0.0222 Repeating as a Fraction
The decimal number 0.0222 is a repeating decimal, where the sequence "22" repeats indefinitely. To convert this repeating decimal to a fraction, we can use a few different methods.
Method 1: Using the Formula
One way to convert a repeating decimal to a fraction is to use the following formula:
a = d/99
where a is the repeating decimal and d is the number formed by the repeating digits.
In this case, the repeating decimal is 0.0222, so we can plug in the values as follows:
a = 0.0222 d = 22
Substituting these values into the formula, we get:
0.0222 = 22/99
Method 2: Using Equations
Another way to convert a repeating decimal to a fraction is to set up an equation based on the repeating pattern.
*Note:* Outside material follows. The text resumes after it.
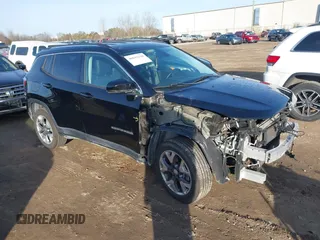 2018 Jeep Compass Limited with VIN 3C4NJDCB4JT501582, listed as a IAAI auction lot 40843136 with 62,986 mi miles. Bid and sale history available at carsss.com. Image 1.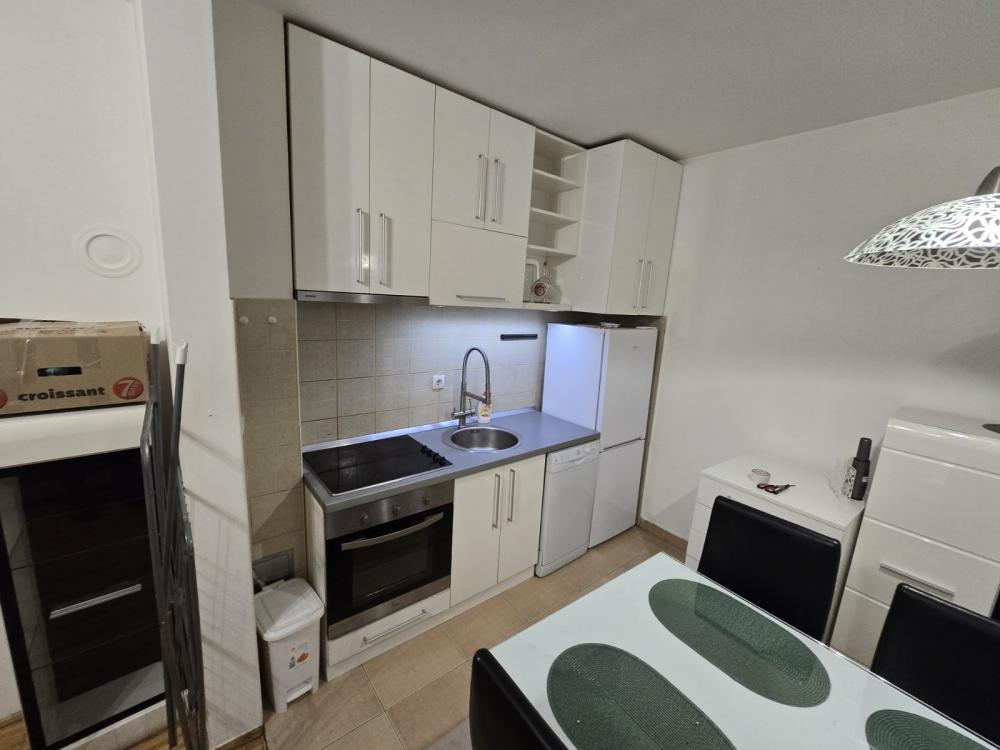 Slika 2 - Ugrinovački put 14. deo, Trosoban stan za izdavanje, 50m2, 600€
Let's say the repeating decimal is equal to x:
x = 0.0222
We can multiply both sides of the equation by 100 to get:
100x = 2.22
Since the decimal repeats, we know that the decimal part of 100x is the same as the decimal part of x. Therefore, we can set up the following equation:
100x - x = 2.22 - 0.0222
Simplifying this equation, we get:
99x = 2.2
Dividing both sides by 99, we get:
x = 2.2/99
x = 22/99
Simplifying the Fraction
The fraction 22/99 can be simplified by dividing both the numerator and the denominator by their greatest common divisor (GCD).
The GCD of 22 and 99 is 11, so we can divide both numbers by 11 to get:
22 ÷ 11 = 2 99 ÷ 11 = 9
Therefore, the simplified fraction is:
x = 2/9
So, the repeating decimal 0.0222 is equal to the fraction 2/9.